Joh 3:11 Truly, truly, I say to you, we speak of what we know, and bear witness to what we have seen, but you do not receive our testimony. 

Interesting verse. Jesus talking to Nicodemus. 

He starts out in the first person saying, "I say to you" then he transitions into, "we speak of what we know."

Who is the "we." Is Jesus referring to himself and the disciples, himself and John the Baptist, himself and the prophets, himself in the plural tense, or is he referring to the Godhead?

Seems commentators are all over the place with this verse. To me it seems that the 'we' cannot be Jesus and the disciples since the disciples were only with him for a short time at this point and how could they give testimony of 'what they have known and seen'?


----------



## ReformedWretch (Oct 23, 2008)

I would say He's referencing the Godhead. (but what do I know)


----------



## Contra_Mundum (Oct 23, 2008)

John 3:2 The same came to Jesus by night, and said unto him, Rabbi, *we know* that thou art a teacher come from God: for no man can do these miracles that thou doest, except God be with him.

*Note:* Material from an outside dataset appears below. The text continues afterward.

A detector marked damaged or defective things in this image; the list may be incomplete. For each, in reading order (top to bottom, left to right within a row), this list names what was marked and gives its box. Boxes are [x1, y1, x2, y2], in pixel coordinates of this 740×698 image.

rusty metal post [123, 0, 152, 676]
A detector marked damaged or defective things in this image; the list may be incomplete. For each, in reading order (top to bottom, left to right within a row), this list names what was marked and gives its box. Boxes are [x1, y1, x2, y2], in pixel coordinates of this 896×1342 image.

Joh 3:11 Verily, verily, I say unto thee, *We speak that we do know*, and testify that we have seen; and ye receive not our witness.

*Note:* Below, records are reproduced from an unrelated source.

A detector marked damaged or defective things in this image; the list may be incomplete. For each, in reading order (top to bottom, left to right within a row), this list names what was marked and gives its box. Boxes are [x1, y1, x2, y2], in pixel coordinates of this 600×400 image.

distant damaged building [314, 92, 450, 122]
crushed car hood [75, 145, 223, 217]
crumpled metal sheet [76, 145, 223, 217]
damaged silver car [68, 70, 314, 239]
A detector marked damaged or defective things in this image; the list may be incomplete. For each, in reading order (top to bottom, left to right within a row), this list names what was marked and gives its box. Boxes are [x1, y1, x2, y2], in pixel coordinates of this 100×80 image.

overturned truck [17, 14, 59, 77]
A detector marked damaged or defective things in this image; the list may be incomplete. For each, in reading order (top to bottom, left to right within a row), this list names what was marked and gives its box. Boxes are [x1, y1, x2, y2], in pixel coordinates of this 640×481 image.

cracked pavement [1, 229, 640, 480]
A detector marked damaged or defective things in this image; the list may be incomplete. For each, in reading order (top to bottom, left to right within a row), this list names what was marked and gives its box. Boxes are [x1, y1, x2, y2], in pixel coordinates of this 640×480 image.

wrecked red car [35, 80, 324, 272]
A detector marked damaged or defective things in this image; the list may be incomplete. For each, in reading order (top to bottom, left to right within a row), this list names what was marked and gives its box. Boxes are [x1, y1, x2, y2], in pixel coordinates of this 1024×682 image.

My feeling is, along with some commentators, that Jesus is 
1) paralleling Nicodemus' own language. The one claimed to know something, based on limited information and observation, and clouded with sin and prejudice. Jesus claims to speak for another group, separate from Nicodemus and his company.

2) Jesus appeals to the law (Lev. 5:1; Deut. 17:6) as the standard by which he gives official *witness* to truth. In this, I think he does appeal somewhat to the Trinity, in that he has "come _from_ God," the Father; and he has referenced the Spirit, whom (Jesus implies) has his own will (v.8), and therefore his own witness. And all of the witness is unified.

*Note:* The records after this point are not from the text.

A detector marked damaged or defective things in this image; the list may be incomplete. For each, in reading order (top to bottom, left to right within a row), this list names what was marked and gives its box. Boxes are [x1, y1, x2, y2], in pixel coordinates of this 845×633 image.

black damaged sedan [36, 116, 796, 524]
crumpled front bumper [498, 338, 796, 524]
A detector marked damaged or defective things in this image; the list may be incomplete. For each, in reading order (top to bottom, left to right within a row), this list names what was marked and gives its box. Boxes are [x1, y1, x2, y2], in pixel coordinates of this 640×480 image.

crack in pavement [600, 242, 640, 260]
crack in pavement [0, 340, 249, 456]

But I think the basic thrust of Jesus "we" is to separate himself from Nicodemus' "we", to tell him (and them) in no uncertain terms that there are no alliances, nothing agreeable between them. They are not receiving Jesus (or anyone who is on his side, and sharing his witness) in the proper spirit.


----------



## KMK (Oct 23, 2008)

Contra_Mundum said:


> John 3:2 The same came to Jesus by night, and said unto him, Rabbi, *we know* that thou art a teacher come from God: for no man can do these miracles that thou doest, except God be with him.
> 
> Joh 3:11 Verily, verily, I say unto thee, *We speak that we do know*, and testify that we have seen; and ye receive not our witness.
> 
> ...



Rev Buchanan, at what point, in chapter 3, do you think Jesus has stopped speaking and John has taken over? (Where should the red letters end?)


----------



## Contra_Mundum (Oct 23, 2008)

Ken,
I don't really know, and don't have any firm opinions on it.


----------